Alors que la nuit prochaine, un match nul entre l’Algérie et l’Autriche ferait les affaires des deux équipes, les Fennecs ont été victimes en 1982 d’un match honteux entre la RFA et l’Autriche.
Le stade El Molinón de Gijón fut le théâtre d’une des plus grandes infamies de l’histoire de la Coupe du monde. La veille, l’Algérie a battu le Chili (3-2). Le calcul est dès lors simple pour la RFA et l’Autriche qui s’affrontent : une victoire allemande par un ou deux buts d’écart qualifie les deux voisins européens, éliminant les Fennecs algériens qui avaient pourtant terrassé la RFA (2-1) au premier match.

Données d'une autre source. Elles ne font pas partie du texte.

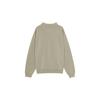 Fear of God Essentials Флокированный логотип, с длинным рукавом, флисовая толстовка-пуловер, мужская толстовка, меланжево-зеленая, FOG-SS22-254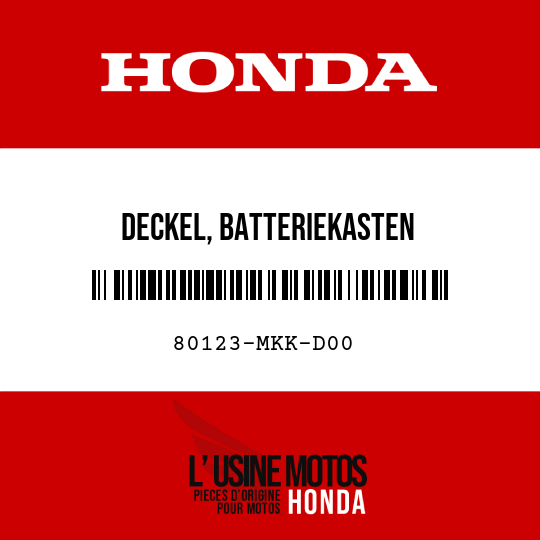 image de 80123-MKK-D00 DECKEL, BATTERIEKASTEN
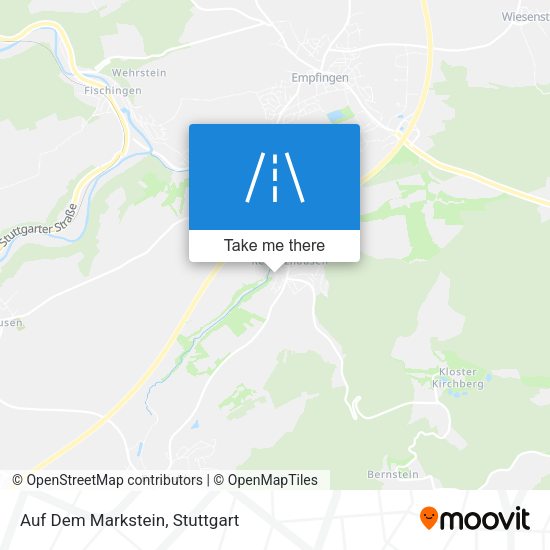 Карта Auf Dem Markstein
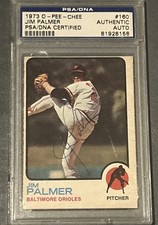 1973 Topps #160 Jim Palmer Baltimore Orioles BASEBALL Card V9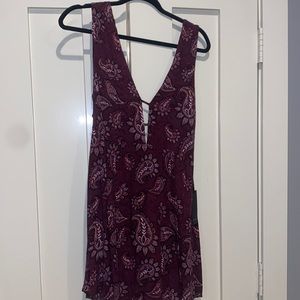 Forever 21 Paisley Mini Dress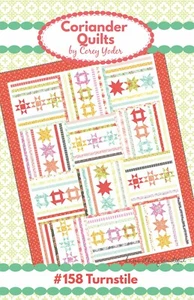 Drehkreuz Quilt Muster von Corey Yoder für Koriander Quilts 64" x 82"   - Bild 1 von 2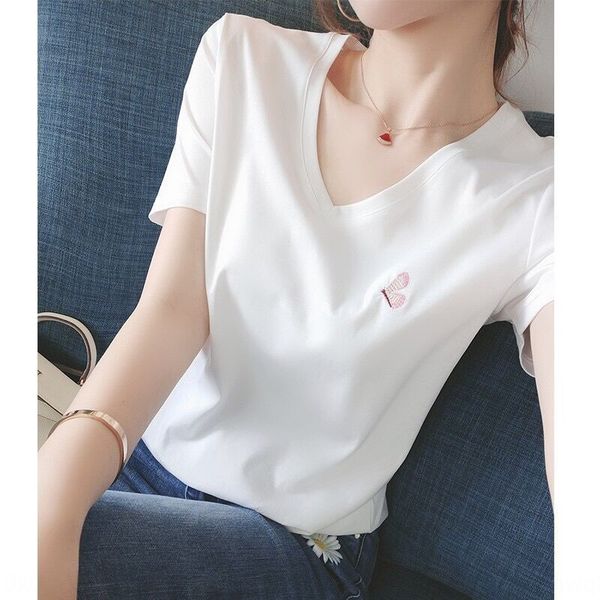 butterfly embroidery is beautiful and mercerized exquisite new cotton t-shirt short sleeve mercerized cotton ins fashion in summer 2, White
butterfly embroidery is beautiful and mercerized exquisite new cotton t-shirt short sleeve mercerized cotton ins fashion in summer 2, White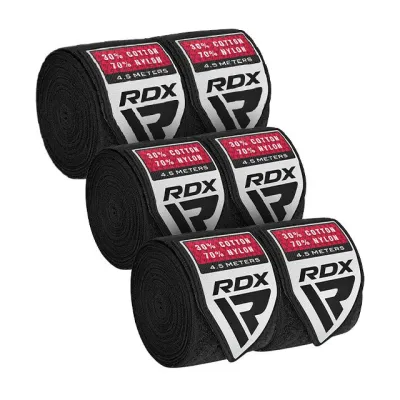Бинти для боксу RDX RB Hand Wraps Combine 3 пари Black (4.5м.) - 1 Бинти для боксу RDX RB Hand Wraps Combine 3 пари Black (4.5м.) - 1 - Robinzon.ua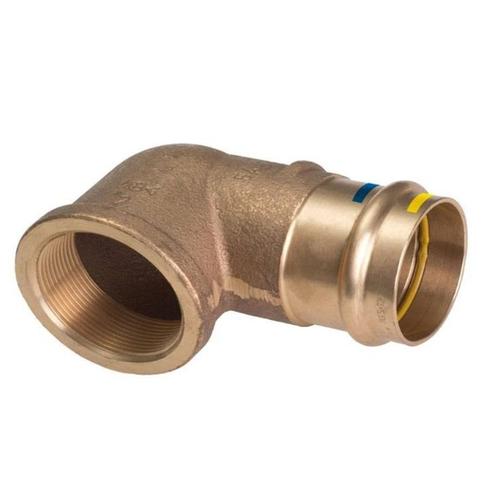 GOMITO BRONZO PRES FLANGIA FF 22X3/4 ACQU/GAS Foto 1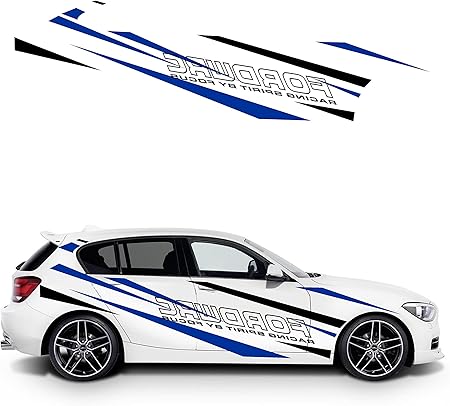 Amazon カッティングステッカー お洒落に変身 簡単 手軽に貼れる車ドアステッカー 右 車 バイク 車 バイク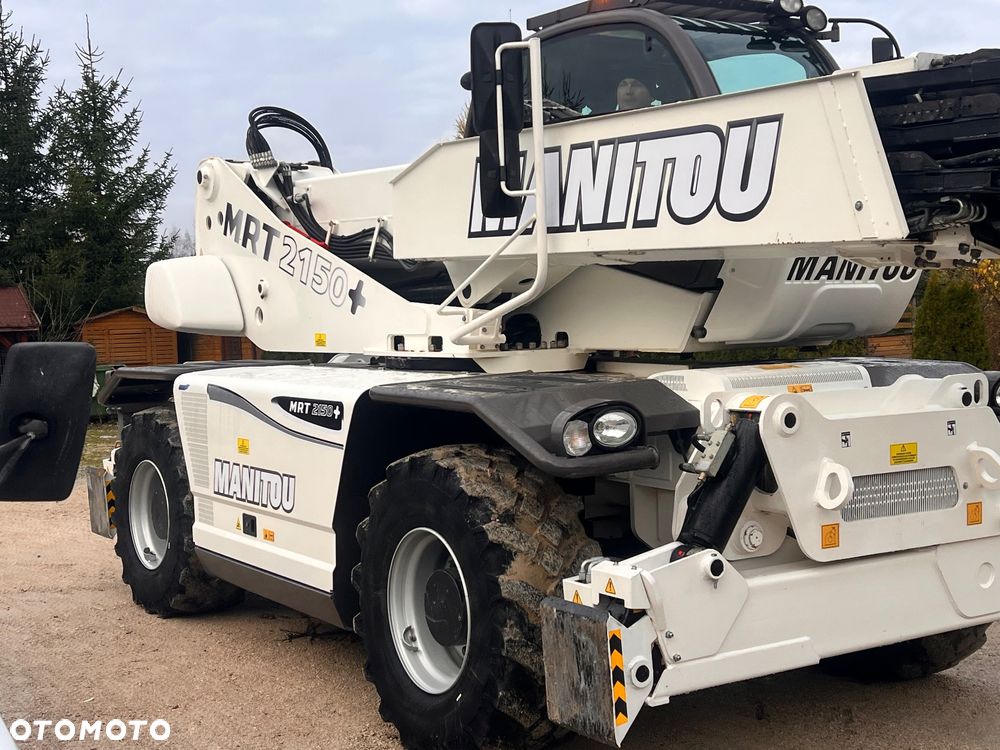 Manitou Ładowarka teleskopowa Manitou Mrt 2150 + Privilage Roto obrotowa 360 Pilot sterowanie radiowe Kosz Widły 2016/17 1840 2550 2540 silnik Mercedes 2150+ Merlo - 27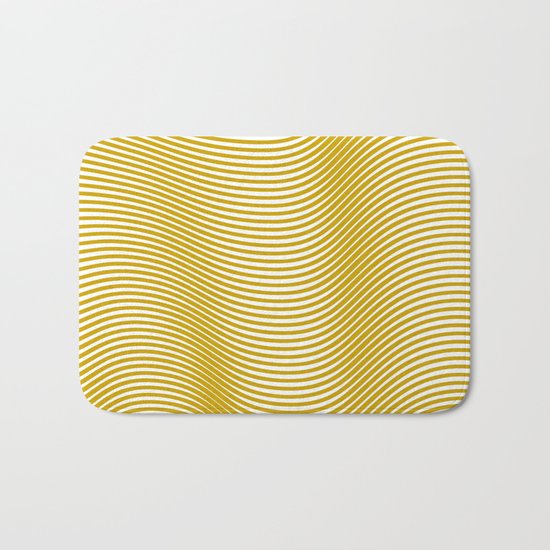 Golden Waves Bath Mat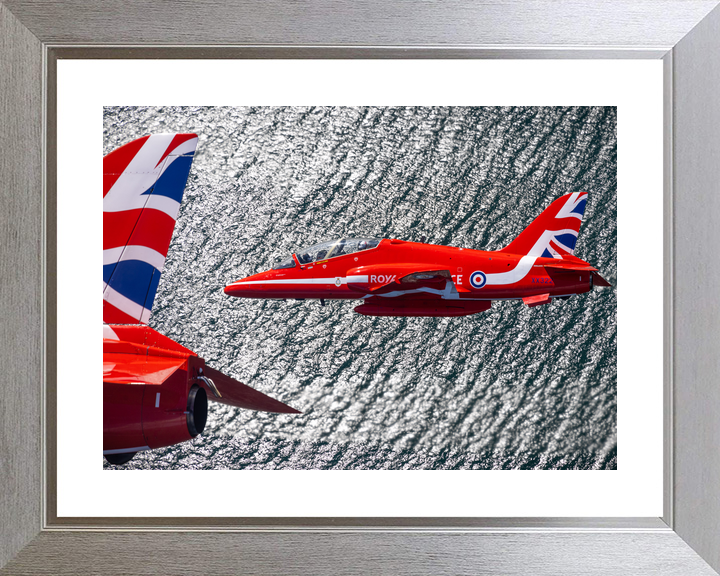 RAF Red Arrows Hawk Air to Air Edinburgh July 2023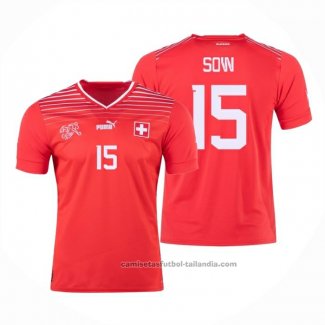 Camiseta Suiza Jugador Sow 1ª 2022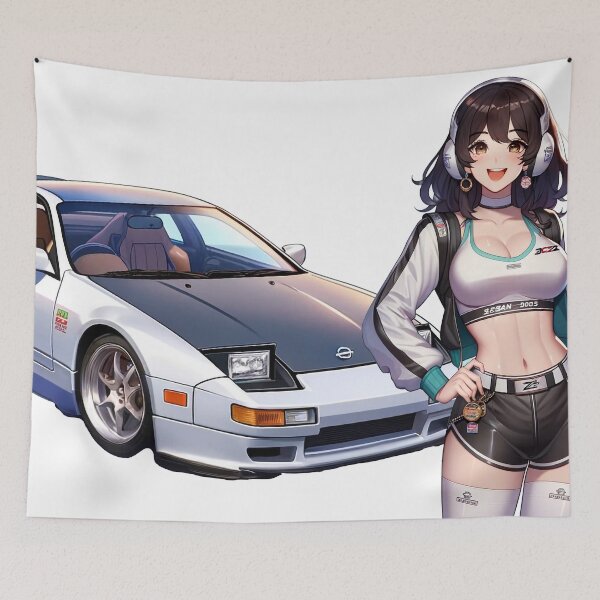 Item preview, 300 zx Twin Turbo Anime Girl designed and sold by BitterSilver.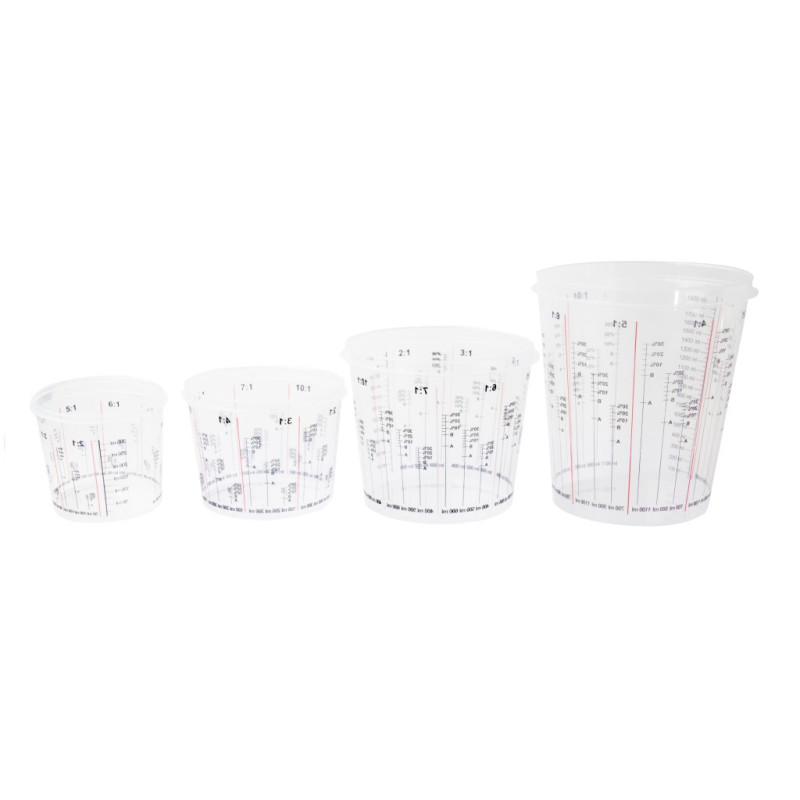 Mischbecher mit Skalen 1400ml 200St.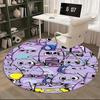 Charming Purple Cats Chair Mat  Round Carpet for Home Decor, Office Use, Living Room, Bedroom Gift0393b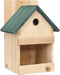 vidaXL - Vogelhuisjes - 4 - st - 23x19x33 - cm - vurenhout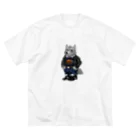 hungry-ハングリー-のウルフハンバーガー ビッグシルエットTシャツ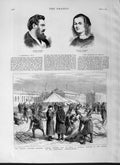 Original Old Antique Print 1877 Bagehot Chisolm Turkish Siers Seraskeriat 19th
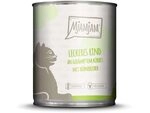 MjAMjAM - Premium Nassfutter f&uuml;r Katzen - leckeres Rind an ged&auml;mpftem K&uuml;rbis, 6er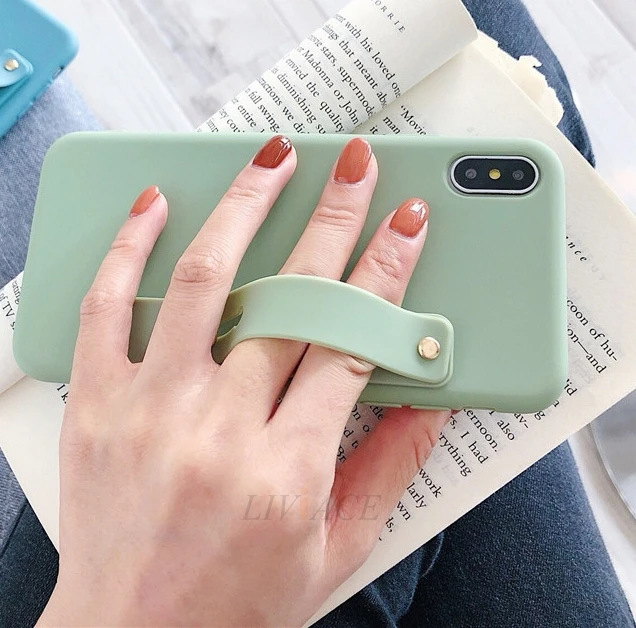 Силиконовый чехол с ремешком на запястье для huawei y5 y9 y7 y6 prime pro 2019 2018 2017 держатель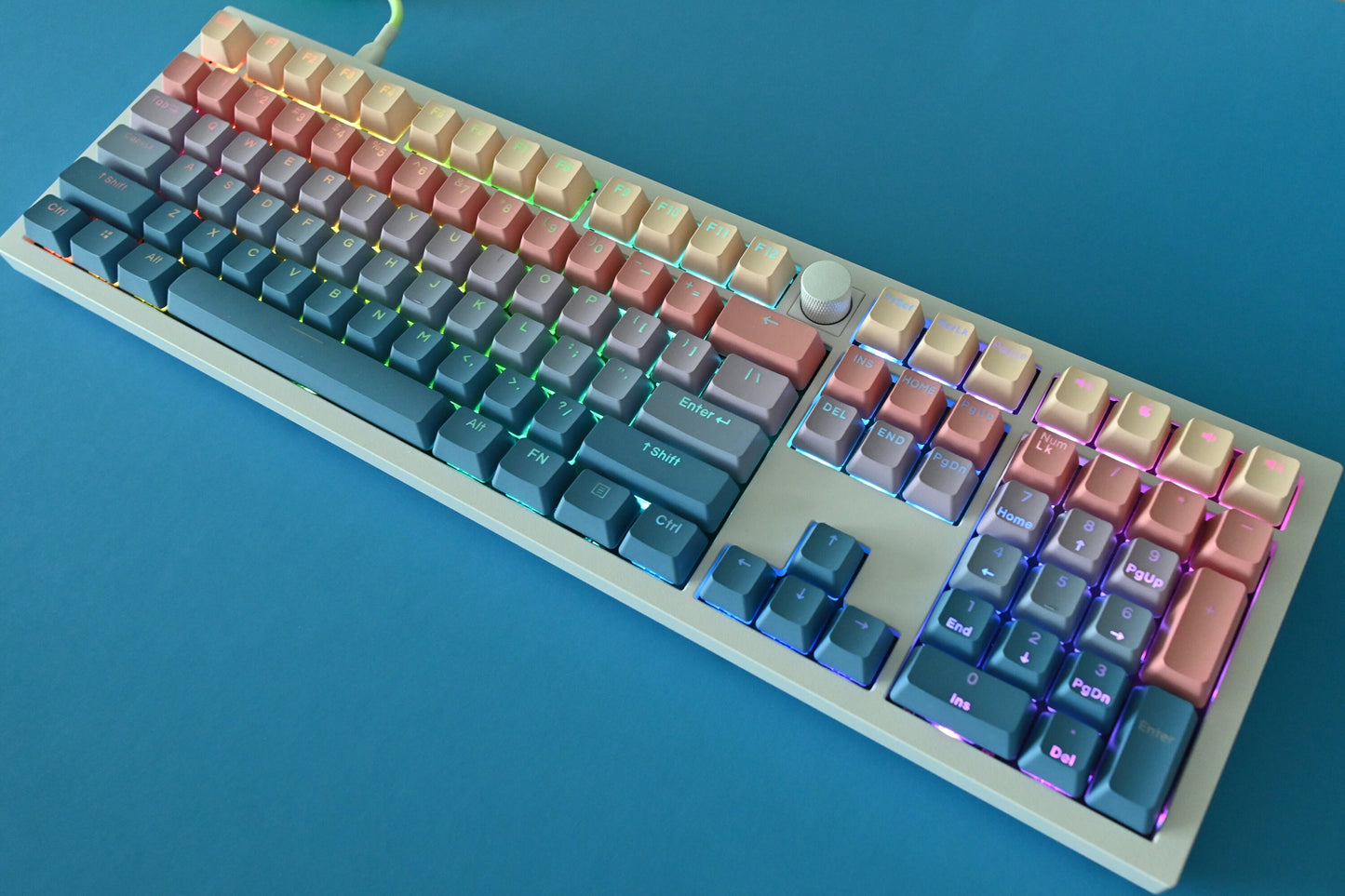 Evening Sunset Gradient Backlit Keycap Set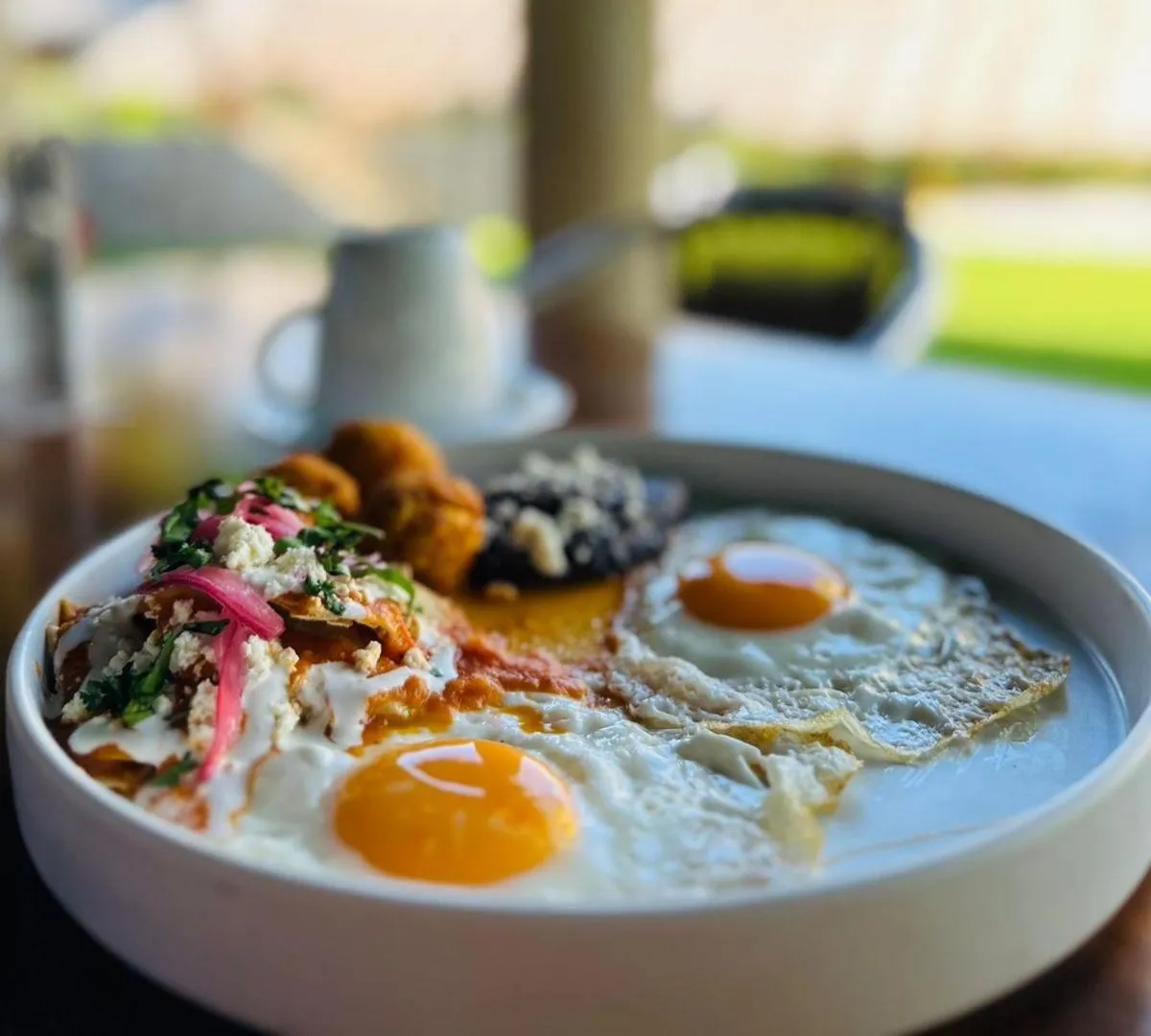 Breakfast in Hotel Villa Mercedes Palenque
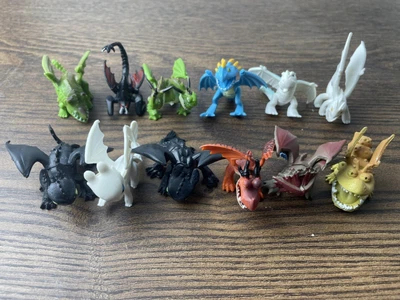 £7.99 • Buy 12Pcs How To Train Your Dragon Light Night Fury Toothless Action Figure Toy Gift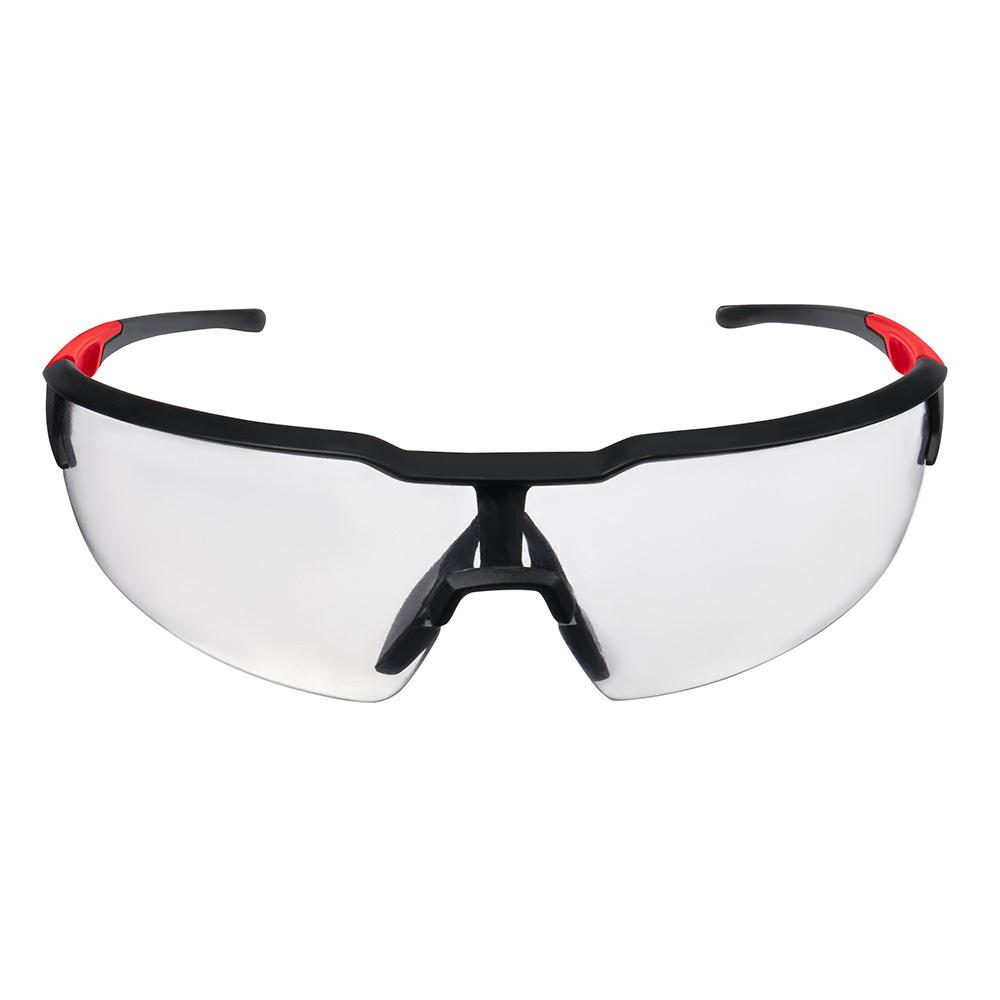 Milwaukee® 48-73-2001 Safety Glasses, Anti-Scratch, Anti-Fog, Nylon Frame, Clear Lens, Polycarbonate Lens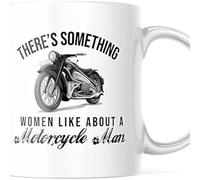 Taza Cerámica Il Y A Quelque Chose Que Les Femmes Aiment Chez Un Motard Resistente Taza Te Con Asa Mug Para Té Recuerdos Leche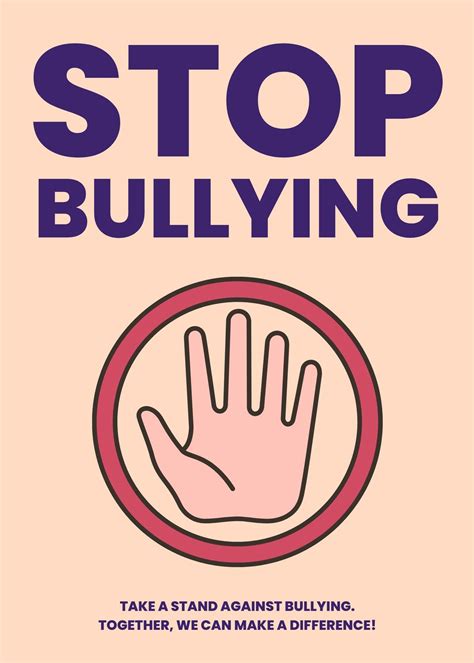 Stop Bullying Editable Template In 2021 Bullying Posters Anti – NBKomputer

À la 10e minute, Horst Hrubesch ouvre le score pour l’Allemagne de l’Ouest. Ce qui suit ? Quatre-vingts minutes de néant. Les passes latérales se succèdent, personne n’attaque. Le match s’est transformé en une sinistre passe à dix.
Dans le stade, la stupeur laisse vite place à la rage. Espagnols et Algériens présents hurlent leur dégoût. Le public scande : « Fuera, fuera ! » (Dehors !) ou « Argélia, Argélia ! ». Des billets de banque sont agités en tribune.
La fureur des commentateurs
L’indignation est mondiale, à commencer par les commentateurs de télévision des deux pays concernés. Robert Seeger, le commentateur de la télévision autrichienne ORF, est hors de lui en plein direct. « C’est le jour le plus noir du football autrichien, éructe-t-il. Ce spectacle est une honte pour le sport. Éteignez vos téléviseurs, je refuse de commenter ce simulacre. »
En Allemagne, l’ambiance est tout aussi lourde. « Ce que nous vivons ici est lamentable et n’a rien à voir avec le football. On peut appeler ça comme on veut, mais pas un match de Coupe du monde », lance Eberhard Stanjek, pour la chaîne ARD.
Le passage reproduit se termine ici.